▸ Task item: Would you copy the listing below exactly, keeping the pictures out?

▸ Dataset:
····················
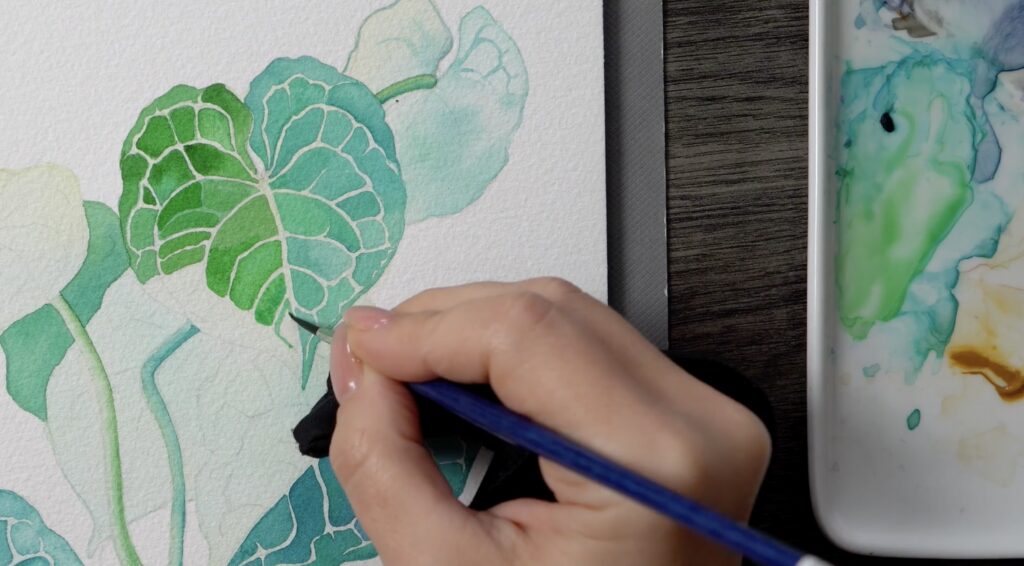 A watercolor painting of a blue and teal leaf. The veins and edges of the leaf are defined by unpainted, or negative, space.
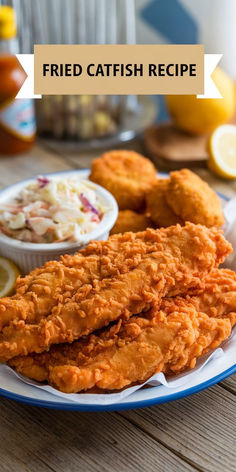 fried fish is served on a plate with coleslaw and lemons in the background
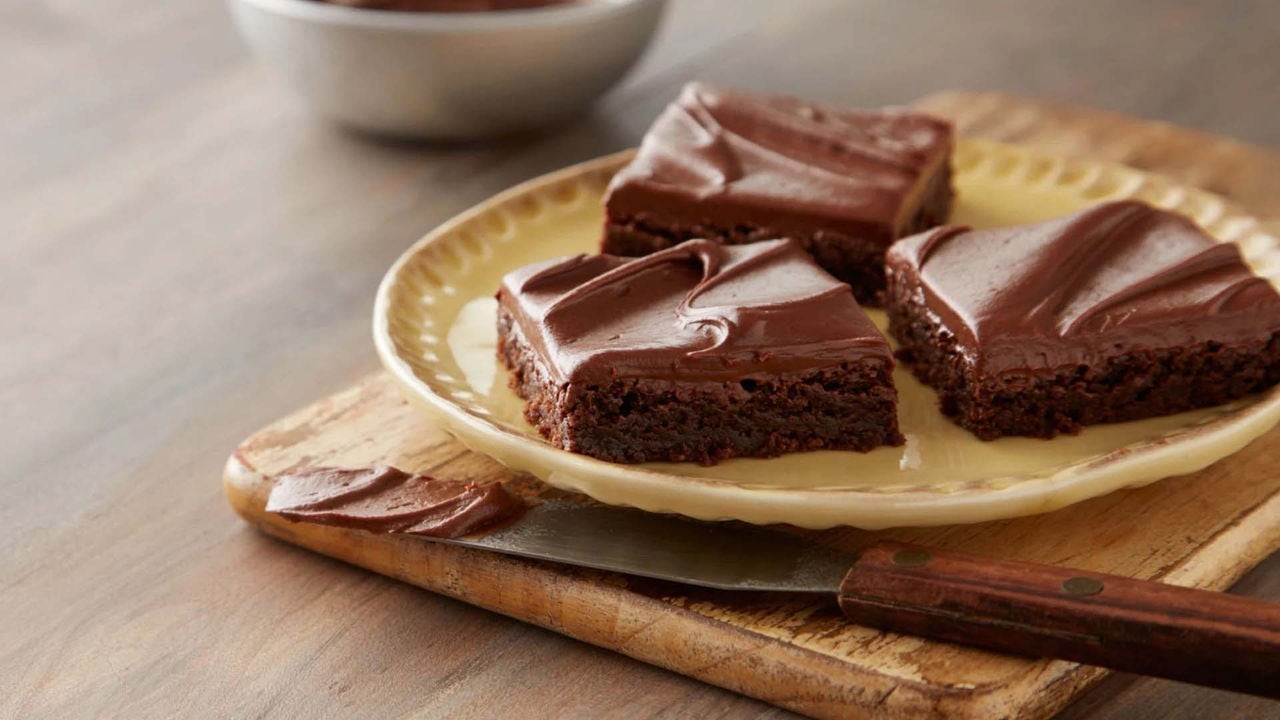 batch of hersheys best brownies topped with chocolate frosting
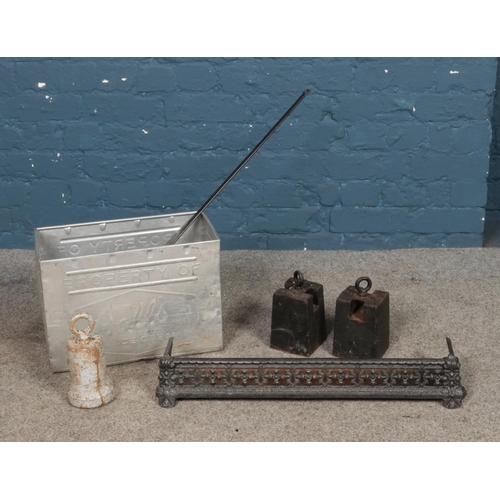 235 - A collection of metalwares to include fire fender, Walls ice cream tin and cast iron weights.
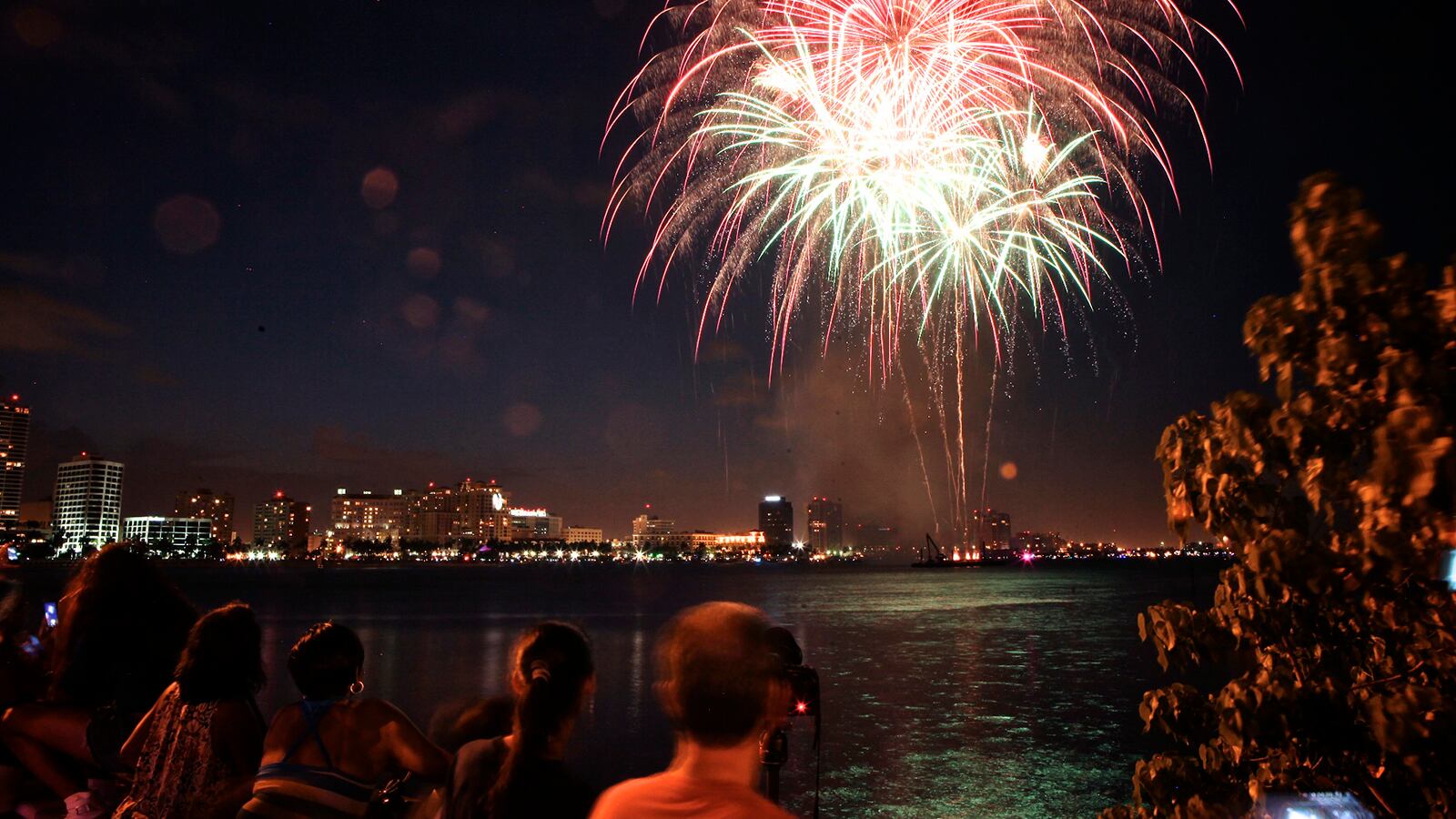 Perched on top of the Royal Park Bridge in West Palm Beach, residents and visitors enjoy a display of fireworks from  West Palm Beach's 4th on Flagler. (Palm Beach Post file photo)
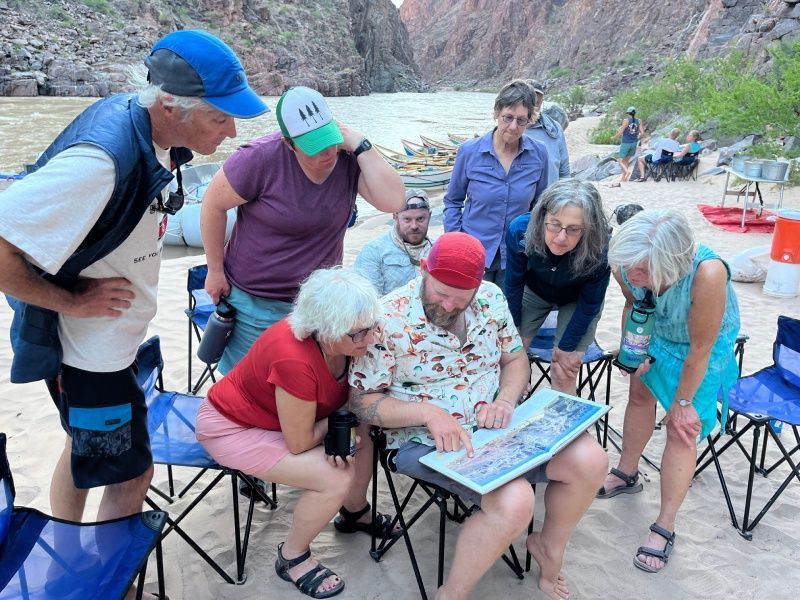 A group of people are looking at a map on the beach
····················
▸ Exercise solution:
 A watercolor painting of a blue and teal leaf. The veins and edges of the leaf are defined by unpainted, or negative, space.
 fried fish is served on a plate with coleslaw and lemons in the background
 batch of hersheys best brownies topped with chocolate frosting
 235 - A collection of metalwares to include fire fender, Walls ice cream tin and cast iron weights.
 Perched on top of the Royal Park Bridge in West Palm Beach, residents and visitors enjoy a display of fireworks from  West Palm Beach's 4th on Flagler. (Palm Beach Post file photo)
 A group of people are looking at a map on the beach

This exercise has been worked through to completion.